» YOUR ASSIGNMENT: Output exactly the lines below from the one containing "SongshanToys Sleep Peluches" to the last line, both included. Omit pictures.

» INFORMATION SUPPLIED:
——

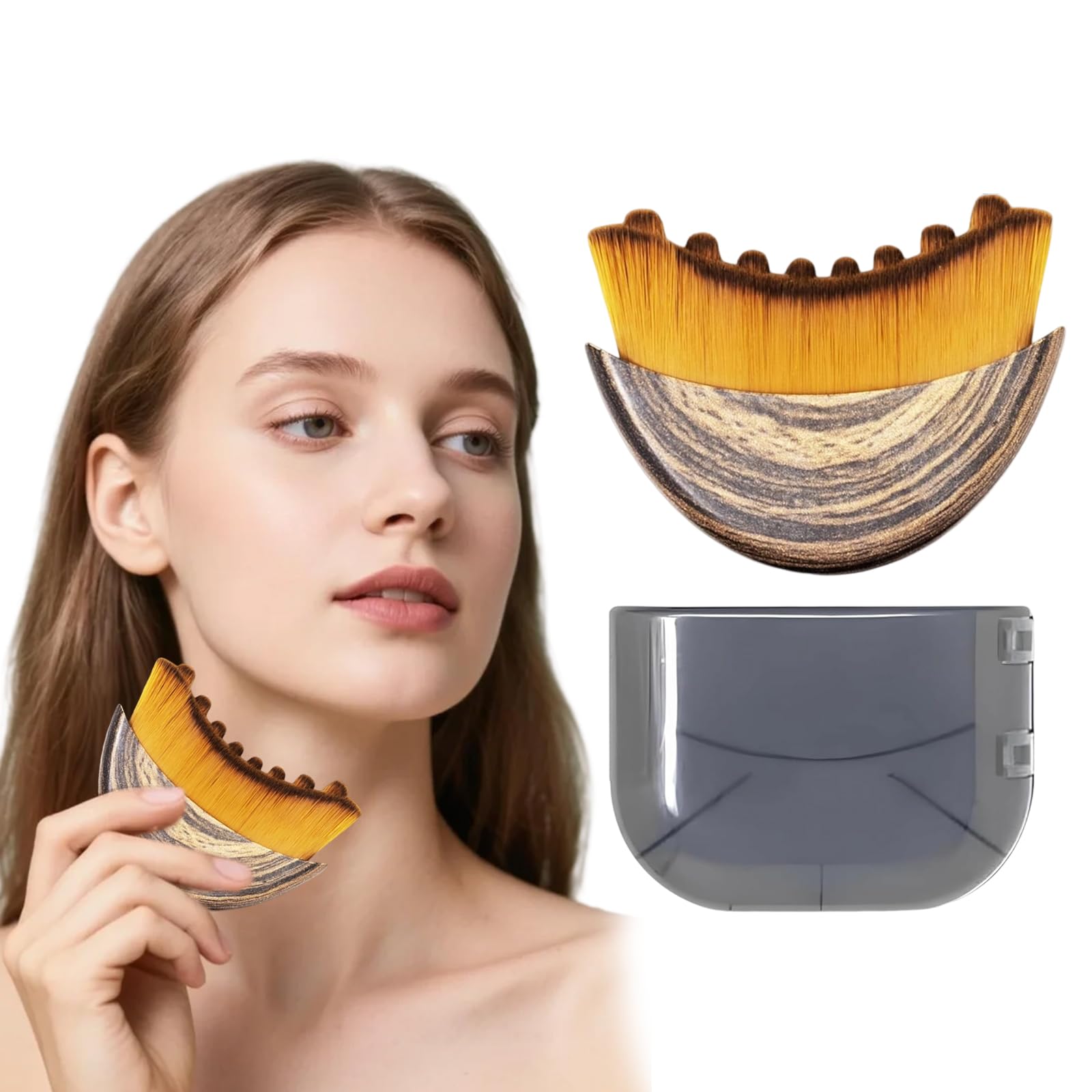 Pennello linfatico per viso, linfatico Drenaggio Face Brush, pennello per contorno linfatico per il viso, si applica al viso, alla scultura del mento e della mascella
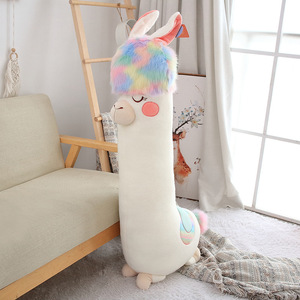SongshanToys Sleep Peluches Peluches Grand <span class=keywords><strong>Coussin</strong></span> Animal <span class=keywords><strong>Personnalisé</strong></span> Fille Coeur Poupée Couleur <span class=keywords><strong>Magique</strong></span> Alpaga Doux Long Oreiller En Peluche Jouet - Product Image 6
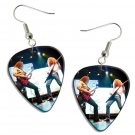 Megadeth Dave Mustaine Guitar Pick Plectrum Playable Earrings Licensed Live Performance A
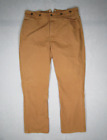 Classic Old West Styles Pants Mens 40 Brown Canvas Adjustable Workwear 40x33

——

» SOLUTION BELOW:
SongshanToys Sleep Peluches Peluches Grand <span class=keywords><strong>Coussin</strong></span> Animal <span class=keywords><strong>Personnalisé</strong></span> Fille Coeur Poupée Couleur <span class=keywords><strong>Magique</strong></span> Alpaga Doux Long Oreiller En Peluche Jouet - Product Image 6
 Megadeth Dave Mustaine Guitar Pick Plectrum Playable Earrings Licensed Live Performance A
 Classic Old West Styles Pants Mens 40 Brown Canvas Adjustable Workwear 40x33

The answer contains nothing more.